At a Waldbaum's supermarket on Long Island, Natuzzi points to a freezer filled with ice made by a big Canadian competitor, Arctic Glacier.
Mr. NATUZZI: Most of the products now are outsourced and coming from out of state and coming from bigger organizations. And it's really not beneficial for any small business, because they're not able to do business within the community.
FERTIG: In the past 15 years, the number of ice wholesalers like Natuzzi Brothers has shrunk from around 3000 to just around 500, according to the International Packaged Ice Association. Executive director Jane McEwan says that's because chain stores like Walmart don't want multiple vendors.
Ms. JANE MCEWAN (Executive Director, International Packaged Ice Association): When they went to consolidated purchasing, it caused a lot of the wholesale ice producers to lose their local Walmarts as a customer.
FERTIG: McEwan says almost half of the wholesale ice market is now controlled by three big companies.
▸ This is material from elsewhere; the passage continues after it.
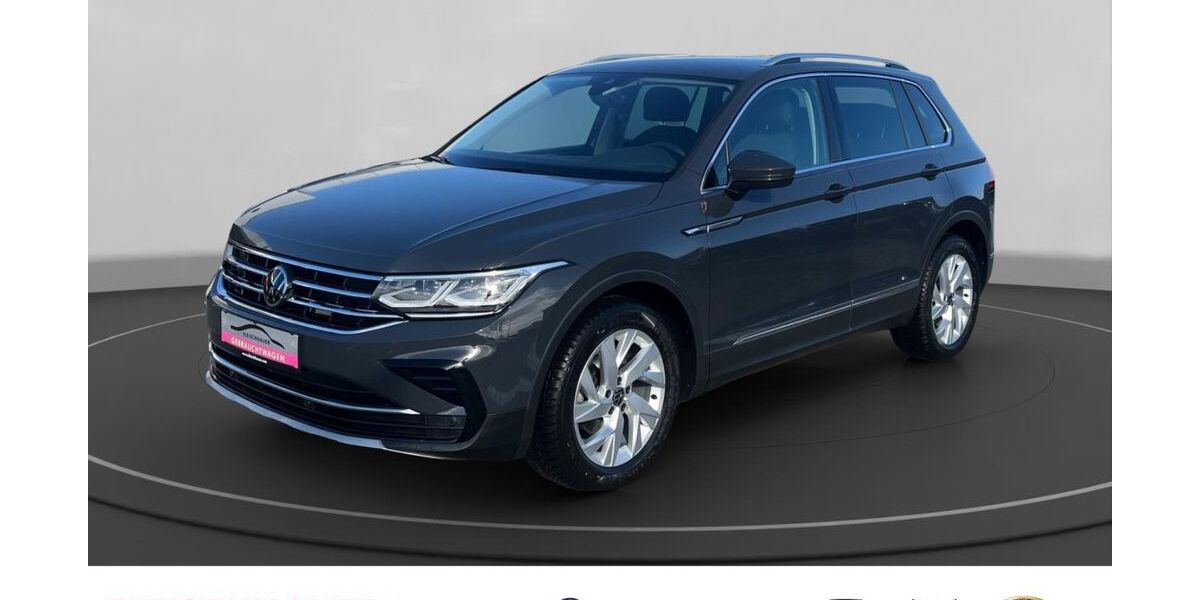 VW Tiguan 70.270 km 25.990 &euro; Bad Kreuznach 55543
They're so dominant they've been investigated by antitrust regulators for price fixing - and two of the companies paid settlements. This level of consolidation is unusual, says Awi Federgruen, a professor at Columbia Business School in New York. That's partly due to the nature of the product.
AWI FEDERGRUEN (Professor, Columbia Business School): Relatively speaking, as you can imagine, a product like packaged ice - how much of a difference really could there be between one type of packaged ice and the other?
FERTIG: Natuzzi Brothers isn't just up against big ice companies. A lot of its competition comes from gas stations, convenience stores, and any small retailer with an icemaker that can bag its own product.
After growing up in the ice industry, John Natuzzi appears pretty cool about the hard road ahead. He says ice is something people will always need. So he's trying to increase business with existing customers, while also seeking out new ones.
Mr. NATUZZI: We've partnered with some ice cream distributors and they're able to utilize their networks. And it's working well for us. You know, you've got to be creative nowadays.
FERTIG: Still, he says he can't even think of passing his family's company on to a fifth generation - if there is one someday.
Mr. NATUZZI: I wouldn't imagine passing this along to anybody at the moment, given the state of the economy. You know, there's a lot of different things out there that we need to really put under our belt before I would consider doing something like that.
FERTIG: Right now, he says, he's simply hoping for a long hot summer.
For NPR News, I'm Beth Fertig in New York.